Records for this task –
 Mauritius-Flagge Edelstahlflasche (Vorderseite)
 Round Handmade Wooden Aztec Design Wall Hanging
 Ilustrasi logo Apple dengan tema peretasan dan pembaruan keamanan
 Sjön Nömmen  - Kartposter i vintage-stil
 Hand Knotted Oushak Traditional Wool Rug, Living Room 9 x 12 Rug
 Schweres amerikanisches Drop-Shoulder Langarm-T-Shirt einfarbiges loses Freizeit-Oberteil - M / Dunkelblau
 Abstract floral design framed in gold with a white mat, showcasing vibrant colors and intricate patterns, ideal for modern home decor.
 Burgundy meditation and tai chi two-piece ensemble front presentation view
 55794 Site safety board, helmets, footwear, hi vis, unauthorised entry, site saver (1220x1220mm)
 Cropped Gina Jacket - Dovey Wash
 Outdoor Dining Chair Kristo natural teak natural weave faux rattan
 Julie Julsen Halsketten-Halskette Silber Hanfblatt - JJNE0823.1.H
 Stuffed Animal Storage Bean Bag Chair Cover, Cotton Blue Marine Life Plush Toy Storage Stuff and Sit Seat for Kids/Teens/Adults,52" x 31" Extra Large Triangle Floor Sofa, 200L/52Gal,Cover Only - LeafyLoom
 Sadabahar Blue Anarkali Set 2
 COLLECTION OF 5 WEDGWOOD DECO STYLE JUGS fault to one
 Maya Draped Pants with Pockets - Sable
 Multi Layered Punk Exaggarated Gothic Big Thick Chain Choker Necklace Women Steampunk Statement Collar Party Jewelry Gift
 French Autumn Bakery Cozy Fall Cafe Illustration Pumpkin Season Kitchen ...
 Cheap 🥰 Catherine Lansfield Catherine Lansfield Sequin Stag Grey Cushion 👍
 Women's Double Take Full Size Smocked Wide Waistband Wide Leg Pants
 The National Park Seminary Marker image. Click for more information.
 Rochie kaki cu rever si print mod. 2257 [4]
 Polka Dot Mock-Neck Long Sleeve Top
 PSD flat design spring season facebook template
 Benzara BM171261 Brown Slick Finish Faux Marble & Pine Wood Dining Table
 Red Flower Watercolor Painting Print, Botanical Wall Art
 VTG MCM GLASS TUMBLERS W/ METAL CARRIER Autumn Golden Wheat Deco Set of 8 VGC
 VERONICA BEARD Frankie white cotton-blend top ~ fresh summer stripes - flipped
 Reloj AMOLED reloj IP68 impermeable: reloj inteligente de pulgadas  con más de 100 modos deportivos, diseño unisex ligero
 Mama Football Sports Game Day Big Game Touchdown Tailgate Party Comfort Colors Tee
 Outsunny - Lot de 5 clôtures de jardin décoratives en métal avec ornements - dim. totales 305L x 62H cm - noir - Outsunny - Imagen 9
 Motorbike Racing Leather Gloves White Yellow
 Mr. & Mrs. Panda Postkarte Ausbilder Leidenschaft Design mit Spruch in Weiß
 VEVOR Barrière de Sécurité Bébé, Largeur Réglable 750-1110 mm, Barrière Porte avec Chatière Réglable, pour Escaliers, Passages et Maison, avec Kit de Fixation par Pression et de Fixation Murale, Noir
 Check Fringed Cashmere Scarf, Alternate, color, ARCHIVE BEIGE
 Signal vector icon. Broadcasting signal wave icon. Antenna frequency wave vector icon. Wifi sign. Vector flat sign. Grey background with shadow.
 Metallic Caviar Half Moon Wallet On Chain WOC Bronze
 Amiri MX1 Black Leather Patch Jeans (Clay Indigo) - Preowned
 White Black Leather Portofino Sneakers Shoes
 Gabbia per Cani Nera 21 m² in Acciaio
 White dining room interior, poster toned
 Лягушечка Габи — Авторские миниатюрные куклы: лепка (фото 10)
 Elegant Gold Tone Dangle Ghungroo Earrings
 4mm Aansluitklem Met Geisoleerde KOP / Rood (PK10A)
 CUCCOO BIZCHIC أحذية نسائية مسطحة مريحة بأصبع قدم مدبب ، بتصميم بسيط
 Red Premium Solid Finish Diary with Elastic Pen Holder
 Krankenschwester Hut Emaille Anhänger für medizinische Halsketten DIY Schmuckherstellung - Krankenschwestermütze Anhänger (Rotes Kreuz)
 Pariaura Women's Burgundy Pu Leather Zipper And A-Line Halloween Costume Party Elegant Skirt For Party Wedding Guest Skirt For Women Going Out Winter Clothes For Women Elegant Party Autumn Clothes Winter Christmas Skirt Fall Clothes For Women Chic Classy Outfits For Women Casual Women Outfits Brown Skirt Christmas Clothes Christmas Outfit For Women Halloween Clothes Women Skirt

Work to complete –
Every line of the listing must be transcribed exactly.

Task answer –
 Mauritius-Flagge Edelstahlflasche (Vorderseite)
 Round Handmade Wooden Aztec Design Wall Hanging
 Ilustrasi logo Apple dengan tema peretasan dan pembaruan keamanan
 Sjön Nömmen  - Kartposter i vintage-stil
 Hand Knotted Oushak Traditional Wool Rug, Living Room 9 x 12 Rug
 Schweres amerikanisches Drop-Shoulder Langarm-T-Shirt einfarbiges loses Freizeit-Oberteil - M / Dunkelblau
 Abstract floral design framed in gold with a white mat, showcasing vibrant colors and intricate patterns, ideal for modern home decor.
 Burgundy meditation and tai chi two-piece ensemble front presentation view
 55794 Site safety board, helmets, footwear, hi vis, unauthorised entry, site saver (1220x1220mm)
 Cropped Gina Jacket - Dovey Wash
 Outdoor Dining Chair Kristo natural teak natural weave faux rattan
 Julie Julsen Halsketten-Halskette Silber Hanfblatt - JJNE0823.1.H
 Stuffed Animal Storage Bean Bag Chair Cover, Cotton Blue Marine Life Plush Toy Storage Stuff and Sit Seat for Kids/Teens/Adults,52" x 31" Extra Large Triangle Floor Sofa, 200L/52Gal,Cover Only - LeafyLoom
 Sadabahar Blue Anarkali Set 2
 COLLECTION OF 5 WEDGWOOD DECO STYLE JUGS fault to one
 Maya Draped Pants with Pockets - Sable
 Multi Layered Punk Exaggarated Gothic Big Thick Chain Choker Necklace Women Steampunk Statement Collar Party Jewelry Gift
 French Autumn Bakery Cozy Fall Cafe Illustration Pumpkin Season Kitchen ...
 Cheap 🥰 Catherine Lansfield Catherine Lansfield Sequin Stag Grey Cushion 👍
 Women's Double Take Full Size Smocked Wide Waistband Wide Leg Pants
 The National Park Seminary Marker image. Click for more information.
 Rochie kaki cu rever si print mod. 2257 [4]
 Polka Dot Mock-Neck Long Sleeve Top
 PSD flat design spring season facebook template
 Benzara BM171261 Brown Slick Finish Faux Marble & Pine Wood Dining Table
 Red Flower Watercolor Painting Print, Botanical Wall Art
 VTG MCM GLASS TUMBLERS W/ METAL CARRIER Autumn Golden Wheat Deco Set of 8 VGC
 VERONICA BEARD Frankie white cotton-blend top ~ fresh summer stripes - flipped
 Reloj AMOLED reloj IP68 impermeable: reloj inteligente de pulgadas  con más de 100 modos deportivos, diseño unisex ligero
 Mama Football Sports Game Day Big Game Touchdown Tailgate Party Comfort Colors Tee
 Outsunny - Lot de 5 clôtures de jardin décoratives en métal avec ornements - dim. totales 305L x 62H cm - noir - Outsunny - Imagen 9
 Motorbike Racing Leather Gloves White Yellow
 Mr. & Mrs. Panda Postkarte Ausbilder Leidenschaft Design mit Spruch in Weiß
 VEVOR Barrière de Sécurité Bébé, Largeur Réglable 750-1110 mm, Barrière Porte avec Chatière Réglable, pour Escaliers, Passages et Maison, avec Kit de Fixation par Pression et de Fixation Murale, Noir
 Check Fringed Cashmere Scarf, Alternate, color, ARCHIVE BEIGE
 Signal vector icon. Broadcasting signal wave icon. Antenna frequency wave vector icon. Wifi sign. Vector flat sign. Grey background with shadow.
 Metallic Caviar Half Moon Wallet On Chain WOC Bronze
 Amiri MX1 Black Leather Patch Jeans (Clay Indigo) - Preowned
 White Black Leather Portofino Sneakers Shoes
 Gabbia per Cani Nera 21 m² in Acciaio
 White dining room interior, poster toned
 Лягушечка Габи — Авторские миниатюрные куклы: лепка (фото 10)
 Elegant Gold Tone Dangle Ghungroo Earrings
 4mm Aansluitklem Met Geisoleerde KOP / Rood (PK10A)
 CUCCOO BIZCHIC أحذية نسائية مسطحة مريحة بأصبع قدم مدبب ، بتصميم بسيط
 Red Premium Solid Finish Diary with Elastic Pen Holder
 Krankenschwester Hut Emaille Anhänger für medizinische Halsketten DIY Schmuckherstellung - Krankenschwestermütze Anhänger (Rotes Kreuz)
 Pariaura Women's Burgundy Pu Leather Zipper And A-Line Halloween Costume Party Elegant Skirt For Party Wedding Guest Skirt For Women Going Out Winter Clothes For Women Elegant Party Autumn Clothes Winter Christmas Skirt Fall Clothes For Women Chic Classy Outfits For Women Casual Women Outfits Brown Skirt Christmas Clothes Christmas Outfit For Women Halloween Clothes Women Skirt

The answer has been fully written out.